What turned out with the brake lights?
And yes there are no vacuum lines hooked up the little 4 way thing on the back of the intake that looks like a Xmas tree well it looks tike Charlie Brown got it Absolutely nothing on it the vacuum adavance on the distributor is just run under the fender and looks like it has never been hooked up there is nothing running to the carb other than fuel lines
I am going to try hooking up the distributor line and see if that helps along with the gas can trick to see if that would help
BTW when you get to the vacuum lines take a picture or 2 of what you have going on.
Your motor may only have 2 or 4 vacuum hoses.
Carb to dist for vacuum advance
Intake to power brakes if you have power brakes.

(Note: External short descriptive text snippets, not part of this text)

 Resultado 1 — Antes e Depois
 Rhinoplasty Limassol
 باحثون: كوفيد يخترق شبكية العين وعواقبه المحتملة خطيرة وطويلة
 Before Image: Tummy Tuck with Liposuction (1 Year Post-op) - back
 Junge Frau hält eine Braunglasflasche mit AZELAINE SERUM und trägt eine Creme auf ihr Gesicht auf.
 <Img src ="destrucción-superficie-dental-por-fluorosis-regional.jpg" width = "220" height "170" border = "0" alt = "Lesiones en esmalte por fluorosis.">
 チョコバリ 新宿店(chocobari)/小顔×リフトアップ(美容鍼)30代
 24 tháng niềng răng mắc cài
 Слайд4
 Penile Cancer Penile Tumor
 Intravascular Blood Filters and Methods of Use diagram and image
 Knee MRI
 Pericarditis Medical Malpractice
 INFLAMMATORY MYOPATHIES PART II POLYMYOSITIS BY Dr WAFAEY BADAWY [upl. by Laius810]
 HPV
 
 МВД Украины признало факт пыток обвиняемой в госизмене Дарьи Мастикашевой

Intake to transmission if you have an auto transmission
base of carb or intake to valve cover with PCV in it
Intake to inside cab? for HVAC
They are the ones I know you NEED for everything to work as it should to use the truck.
Dave ----
I am at a loss I have worked on it all day I bought the repair manuals today to go through and try to see if they tell me what I need to have hooked and not hooked up and where I need to set the float. After reading for about 8 hours lol I trying the external gas can to make sure it was sucking gas and it was but it was still pushing gas out of the accelerator pump like it was flooded. I pulled the carb broke it down and double checked the float level made sure there was no crapola in the bowl and also removed the jets and cleaned them out with a needle put it all back together. With all the hope and Xmas spirt in my heart started it up same exact thing the choke won’t open when at temp and still high idle and face smashing when I hit the gas and it is still spiting out the accelerator pump any ideas cause I am out of them
Last edited by Ford tattoo guy; Dec 19, 2021 at 05:30 PM.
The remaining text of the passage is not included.